I recognized instantly Lil Kim’s trifling and hateful catfight with Nicki Minaj for what it was as soon as it began — a manufactured scandal to generate interest in her upcoming e-Bay album. Yet, despite all the silicon parts, Kim failed to float on the surface because the music currents are in constant state of change, and it swallowed her up.
This brings up a point. You can’t just come out with a new CD anymore. Gone are the days where the music speaks for itself. It’s as if a scandal or some of other news-generating drama is packaged within the CD case and available for purchase, along with the album, at the register.
I knew that Lil Kim hadn’t been a power player in the game since the mid ’90s — which is like centuries in the music biz — so I knew that she wasn’t so much irate that Nicki was jacking her swag as much as she needs a boost to get hoisted back up into relevance. If anything, Lil Kim was jacking Nicki’s swag. Kim basically placed her reconstructed parts on Nicki’s back to climb the wall of post-fame obscurity. It worked for a minute, but the diminutive diva learned that using scandal or drama as a marketing mechanism to generate interest is extremely fleeting.
Now, you couldn’t find Lil Kim with a GPS system. Where’d she go???
So when Beyonce’s new single “Girls [Who Run the World]” is allegedly leaked online, music fans’ eyes rolled up in their heads, and they keep it pushing. And when the product isn’t worth your attention, after all that noise, the perpetrator of the manufactured scandal dies a slower artistic death.
With the 24-hour news cycle and information flowing in every direction, artists feel they need to interrupt the flow by tossing out a few cherry bombs into cyberspace to get everyone looking in their direction.

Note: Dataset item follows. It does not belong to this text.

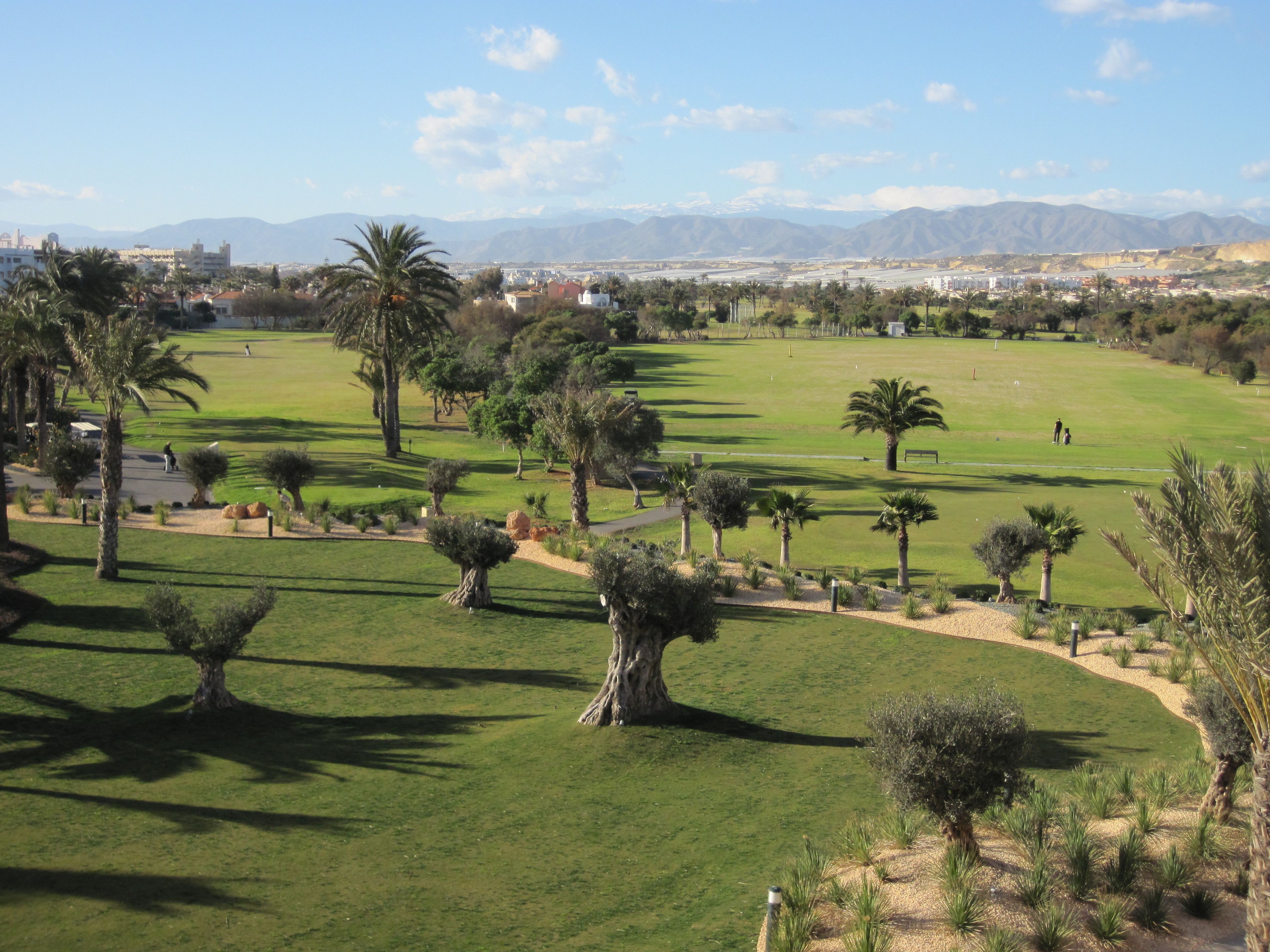 Hotel AR Golf Almerimar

We understand the need to market your product to ensure maximum awareness. But some folk take it too far. 50 Cent has a new beef just around the time he drops a new joint. To date, however, he has yet to back up on all that gum-flapping with any of the cats he so called had a problem with. We need to get back to the days when artists actually depended on that intangible called “talent” to make it in the game.